INTERACTIVE MECHANISMS OF ANION ADSORPTION WITH CALCIUM LEACHING AND EXCHANGE

Abstract

Anions can be adsorbed to soil colloids by specific (inner-sphere complexation) and nonspecific adsorption (outer-sphere complexation and diffuse ion association). The mechanism for anion adsorption determines whether and by what reaction anions in soil solution will enhance metal adsorption. The objectives of this study were (i) to determine the influence of the accompanying anion on Ca leaching and cation exchange in a sandy, kaolinitic Ultisol, (ii) to describe possible mechanisms for anion effects on Ca adsorption based on diffuse double-layer theory, and (iii) to discuss the practical implications of these mechanisms on soil fertility management. The Ca forms used in this study were calcium chloride, calcium nitrate, calcium sulfate, calcium phosphate, and calcium carbonate.
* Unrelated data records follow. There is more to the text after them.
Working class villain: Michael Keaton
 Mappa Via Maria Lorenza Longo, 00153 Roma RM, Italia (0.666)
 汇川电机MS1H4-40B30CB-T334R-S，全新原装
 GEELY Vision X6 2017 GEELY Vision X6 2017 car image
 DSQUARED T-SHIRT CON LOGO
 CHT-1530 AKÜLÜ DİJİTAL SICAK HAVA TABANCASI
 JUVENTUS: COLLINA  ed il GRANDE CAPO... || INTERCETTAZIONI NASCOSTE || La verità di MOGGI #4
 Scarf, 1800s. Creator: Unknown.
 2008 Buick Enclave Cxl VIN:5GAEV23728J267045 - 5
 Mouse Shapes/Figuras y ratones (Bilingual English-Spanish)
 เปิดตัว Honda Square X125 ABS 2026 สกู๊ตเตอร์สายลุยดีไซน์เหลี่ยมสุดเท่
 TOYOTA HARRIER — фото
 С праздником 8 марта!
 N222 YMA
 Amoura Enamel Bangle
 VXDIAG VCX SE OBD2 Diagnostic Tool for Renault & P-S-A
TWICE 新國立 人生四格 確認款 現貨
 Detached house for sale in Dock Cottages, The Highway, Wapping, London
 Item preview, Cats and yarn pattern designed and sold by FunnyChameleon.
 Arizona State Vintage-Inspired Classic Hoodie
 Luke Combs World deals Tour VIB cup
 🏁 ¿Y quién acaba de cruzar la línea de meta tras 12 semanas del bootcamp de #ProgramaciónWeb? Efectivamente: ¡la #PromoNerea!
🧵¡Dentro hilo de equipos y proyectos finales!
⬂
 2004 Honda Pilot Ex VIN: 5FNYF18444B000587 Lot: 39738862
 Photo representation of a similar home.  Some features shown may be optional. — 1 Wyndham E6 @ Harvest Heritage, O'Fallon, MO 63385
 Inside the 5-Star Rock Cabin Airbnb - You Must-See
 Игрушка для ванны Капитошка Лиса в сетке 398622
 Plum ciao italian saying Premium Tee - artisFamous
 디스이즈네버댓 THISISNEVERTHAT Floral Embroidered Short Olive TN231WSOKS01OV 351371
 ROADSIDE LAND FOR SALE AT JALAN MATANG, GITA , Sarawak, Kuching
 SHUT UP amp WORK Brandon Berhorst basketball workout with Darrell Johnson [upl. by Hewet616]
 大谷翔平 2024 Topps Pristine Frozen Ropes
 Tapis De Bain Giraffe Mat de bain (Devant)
Undisturbed soil cores from a Plinthic Kandiudult were collected, and a Ca solution (5, 500, and 1500 mg L−1) was applied to soil columns. The effluent was collected from each column, and cations (Ca2+, Mg2+, K+) in solution were measured. Exchangeable bases and effective cation exchange capacity (CEC) were measured in soil from soil cores after effluent collection. Sulfate and phosphate retarded Ca break-through, compared with chloride and nitrate. Specific adsorption of sulfate and phosphate in the inner-sphere increased the net negative surface charge of the soil and, thus, increased Ca adsorption. Higher influent concentration increased the extent of ion pairing (CaSO4°), and consequently, enhanced Ca adsorption directly. Calcium breakthrough was most gradual in the carbonate effluent as a result of ion pairing and increased pH dependent charge leading to both direct and indirect enhancement of Ca adsorption. The Mg peaks for phosphate and carbonate were broader and shorter than those peaks for nitrate, chloride, and sulfate. The choice of the accompanying anion in Ca fertilizer materials could be critical in controlling the leaching of Ca from the soil surface and optimizing the exchange and subsequent leaching of other cations.